[Given information — start]

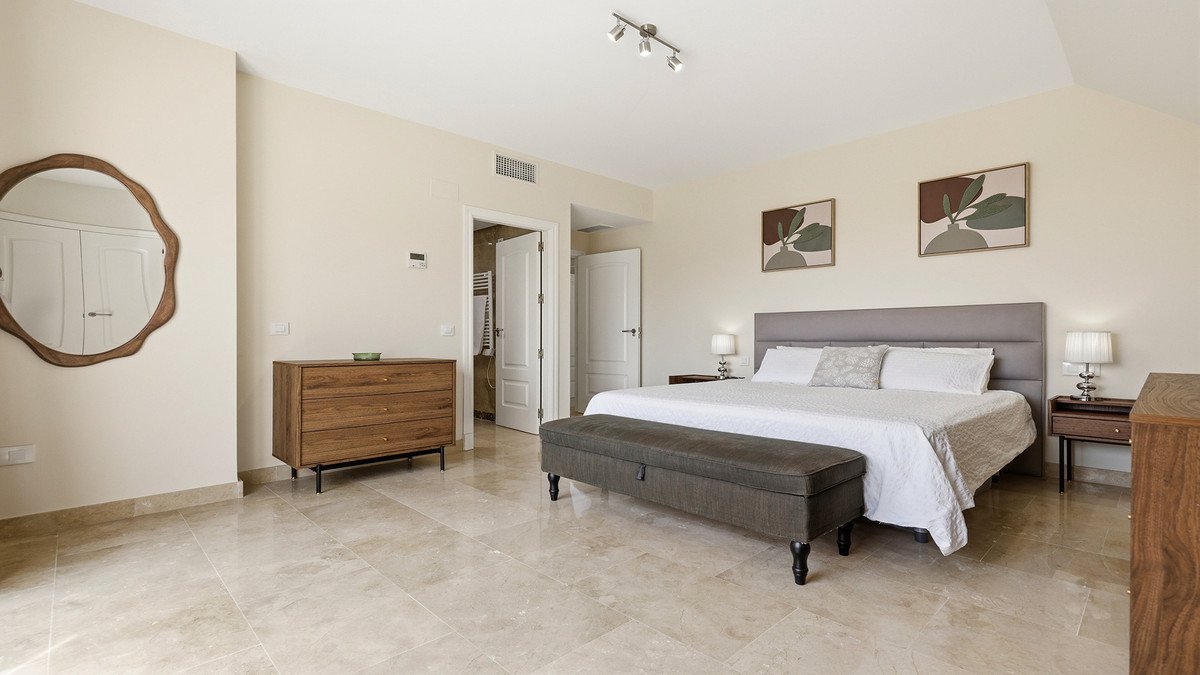 3 Bed Penthouse in La Duquesa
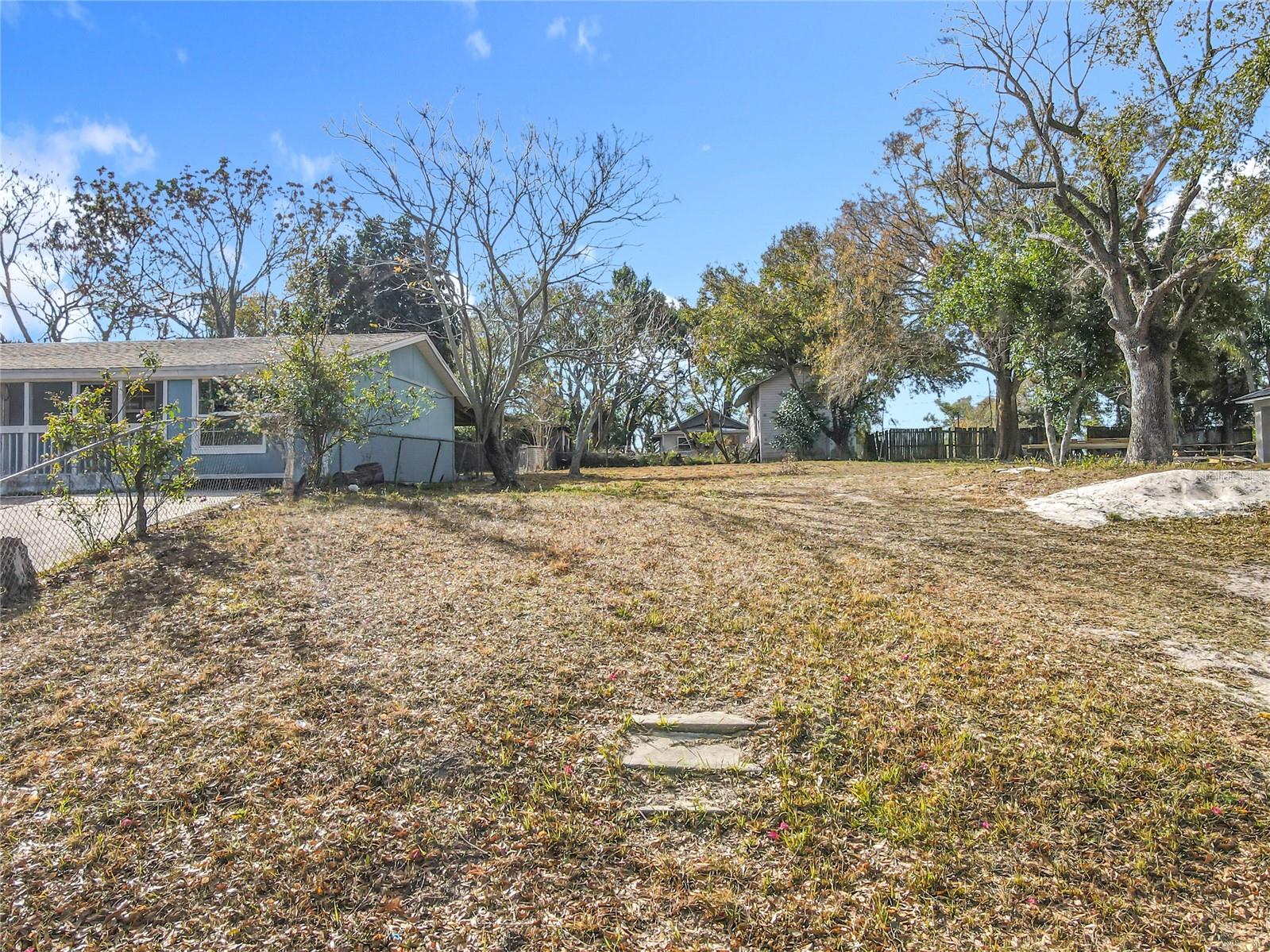 TWIN LAKE PARK RESUB - Land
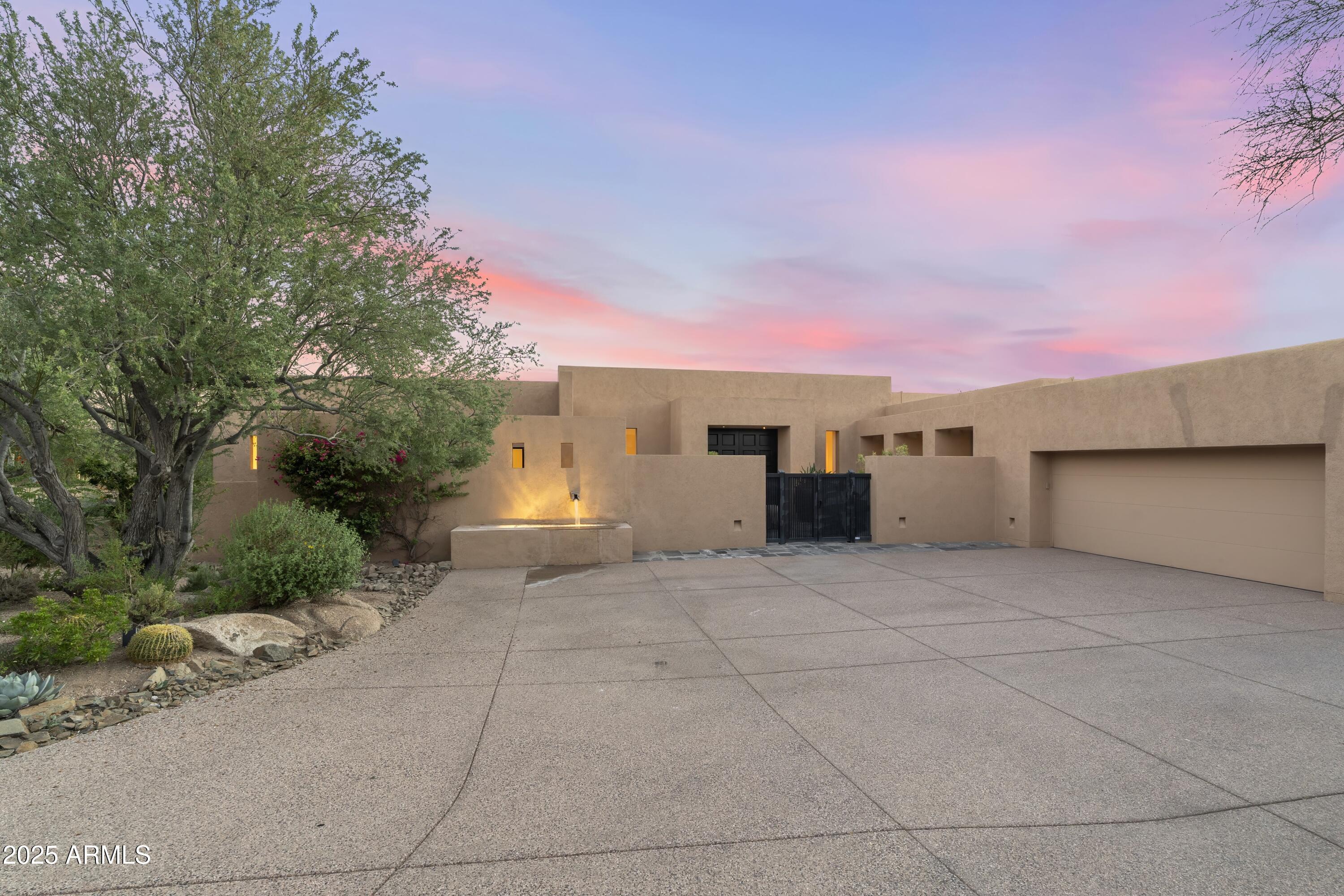 9191 E HAPPY HOLLOW Drive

[Given information — finish]

- Exercise instructions -
What you return should be the full listing, unchanged, minus the pictures.

- Response to the task -
 3 Bed Penthouse in La Duquesa
 TWIN LAKE PARK RESUB - Land
 9191 E HAPPY HOLLOW Drive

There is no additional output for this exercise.